*** Block opens ***

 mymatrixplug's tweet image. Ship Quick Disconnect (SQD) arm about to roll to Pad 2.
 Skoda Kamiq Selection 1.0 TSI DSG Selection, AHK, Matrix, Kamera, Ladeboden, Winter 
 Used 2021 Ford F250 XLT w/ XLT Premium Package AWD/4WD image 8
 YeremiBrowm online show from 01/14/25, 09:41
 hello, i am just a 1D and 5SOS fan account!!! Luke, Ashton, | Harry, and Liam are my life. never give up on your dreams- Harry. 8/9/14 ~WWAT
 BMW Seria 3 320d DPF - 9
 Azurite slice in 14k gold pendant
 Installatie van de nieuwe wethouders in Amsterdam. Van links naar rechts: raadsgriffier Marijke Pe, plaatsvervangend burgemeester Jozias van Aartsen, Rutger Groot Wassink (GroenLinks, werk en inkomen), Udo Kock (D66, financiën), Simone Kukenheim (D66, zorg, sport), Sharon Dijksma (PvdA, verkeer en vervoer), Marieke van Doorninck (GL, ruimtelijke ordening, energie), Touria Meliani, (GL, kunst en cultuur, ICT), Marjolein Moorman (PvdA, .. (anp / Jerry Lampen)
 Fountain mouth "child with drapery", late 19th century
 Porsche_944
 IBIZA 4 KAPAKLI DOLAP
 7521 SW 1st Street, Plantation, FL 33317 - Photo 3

*** Block closes ***

Once more, write down the full material exactly as it appears.

*Response to this task:*
 mymatrixplug's tweet image. Ship Quick Disconnect (SQD) arm about to roll to Pad 2.
 Skoda Kamiq Selection 1.0 TSI DSG Selection, AHK, Matrix, Kamera, Ladeboden, Winter 
 Used 2021 Ford F250 XLT w/ XLT Premium Package AWD/4WD image 8
 YeremiBrowm online show from 01/14/25, 09:41
 hello, i am just a 1D and 5SOS fan account!!! Luke, Ashton, | Harry, and Liam are my life. never give up on your dreams- Harry. 8/9/14 ~WWAT
 BMW Seria 3 320d DPF - 9
 Azurite slice in 14k gold pendant
 Installatie van de nieuwe wethouders in Amsterdam. Van links naar rechts: raadsgriffier Marijke Pe, plaatsvervangend burgemeester Jozias van Aartsen, Rutger Groot Wassink (GroenLinks, werk en inkomen), Udo Kock (D66, financiën), Simone Kukenheim (D66, zorg, sport), Sharon Dijksma (PvdA, verkeer en vervoer), Marieke van Doorninck (GL, ruimtelijke ordening, energie), Touria Meliani, (GL, kunst en cultuur, ICT), Marjolein Moorman (PvdA, .. (anp / Jerry Lampen)
 Fountain mouth "child with drapery", late 19th century
 Porsche_944
 IBIZA 4 KAPAKLI DOLAP
 7521 SW 1st Street, Plantation, FL 33317 - Photo 3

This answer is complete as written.